Lee Ann Roripaugh (born 1965) is an American poet and was the South Dakota poet laureate from 2015 to 2019. Lee Ann Roripaugh is the author of five volumes of poetry: tsunami vs. the fukushima 50 (Milkweed Editions, 2019), Dandarians (Milkweed, Editions, 2014), On the Cusp of a Dangerous Year (Southern Illinois University Press, 2009), Year of the Snake (Southern Illinois University Press, 2004), and Beyond Heart Mountain (Penguin, 1999). She was named winner of the Association of Asian American Studies Book Award in Poetry/Prose for 2004, and a 1998 winner of the National Poetry Series.

==Early life==
Roripaugh was born in 1965 in Laramie, Wyoming. She is the daughter of Robert Roripaugh, poet laureate of Wyoming, and Japanese immigrant, Yoshiko Horikoshi. Her parents met while her father was serving in the US army stationed in Japan, he met her mother and they married in 1956. Growing up in overwhelmingly white Wyoming, in the same state thousands of Japanese Americans were interned in during World War II, Roripaugh grappled with her own mixed race identity. The American West and Japanese culture are visible influences in Roripaugh's work. She earned a B.M. in piano performance from Indiana University Bloomington, as well as an M.M. in music history and an M.F.A. in creative writing.

==Career==
Roripaugh is a Professor of English and the Director of Creative Writing at the University of South Dakota. Her interests include Creative Writing (Poetry, Fiction, CNF, Mixed Genres), Contemporary American Poetry, Asian American Literature, Multicultural Literature, Poetics, intersectional identities, ecocriticism, popular culture (particularly
Whedonverse), representations of queer identity in popular culture, and cyborgs. She is also Editor-in-Chief of South Dakota Review.

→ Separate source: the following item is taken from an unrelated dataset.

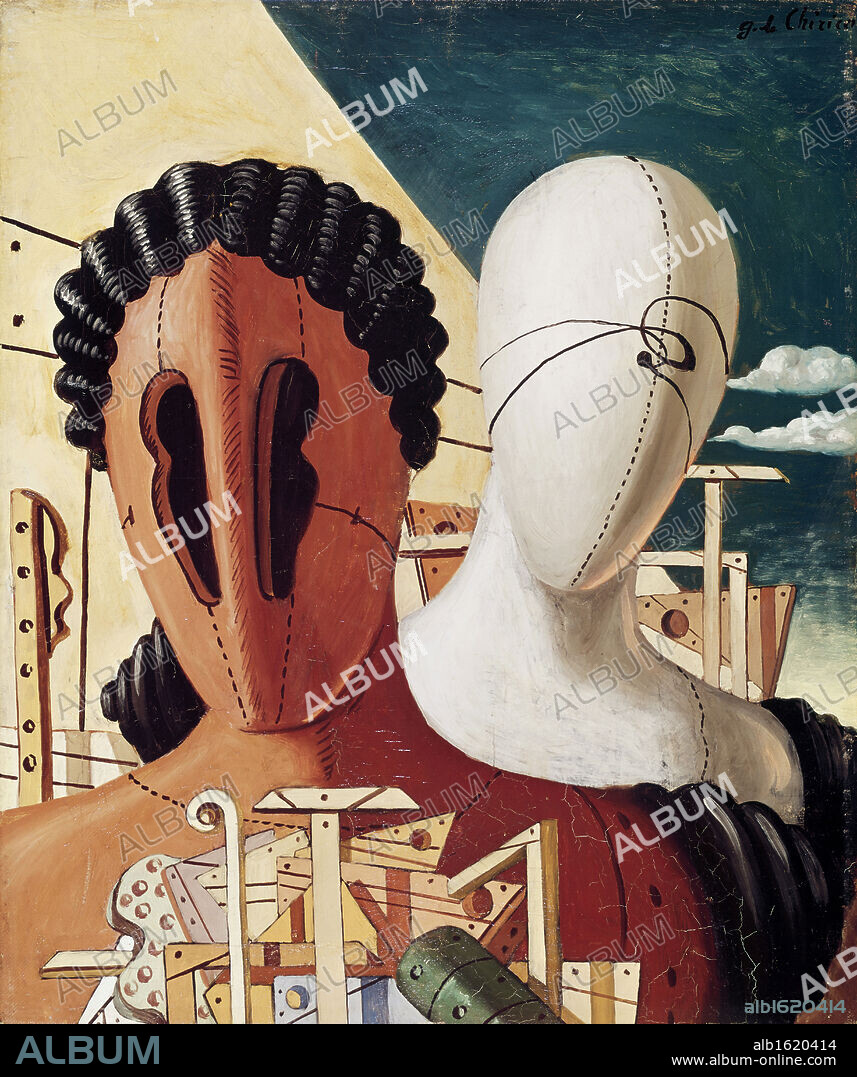 Che Due Maschere by Giorgio de Chirico, 1916, 1888-1978, Italy, Milan, Pinacoteca di Brera.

She was appointed to a four-year term as South Dakota's poet laureate in July 2015.

==Awards==
- Academy of American Poets Prize
- AWP Intro Award
- 1995 Randall Jarrell International Poetry Prize
- 1998 National Poetry Series, for Beyond Heart Mountain selected by Ishmael Reed
- 2001 Frederick Manfred Award for Best Creative Writing
- 2003 Bush Artist Fellowship
- 2004 Association of Asian American Studies Book Award in Poetry/Prose
- 2004 Winner of the Prairie Schooner Strousse Award
- 2017 Recipient, Women's International Studies Center Fellowship Residency
- 2019 Recipient, South Dakota Author of the Year, Awarded by the South Dakota Council of Teachers of English, South Dakota Council of Teachers of English

==Selected publications==
===Books===
- "Beyond Heart Mountain" (1999)
- "Year of the Snake" (2004)
- "On the Cusp of a Dangerous Year" (2009)
- "Dandarians" (2014)
- "Tsunami Vs. the Fukushima 50: Poems" (2019)

===Anthologies===
- "American Identities: Contemporary Multicultural Voices" (1994)
- "American Poetry: The Next Generation" (2000)
- "Woven on the Wind: Women Write about Friendship in the Sagebrush West" (2002)
- Victoria M. Chang (2004). "Asian American poetry: the next generation"
- Lorrie Goldensohn (2006). "American war poetry: an anthology"
- William J. Walsh (2006). "Under the rock umbrella: contemporary American poets, 1951-1977"

===Ploughshares===
- "Toothpick Warriors" (2001)
- "Hope" (2001)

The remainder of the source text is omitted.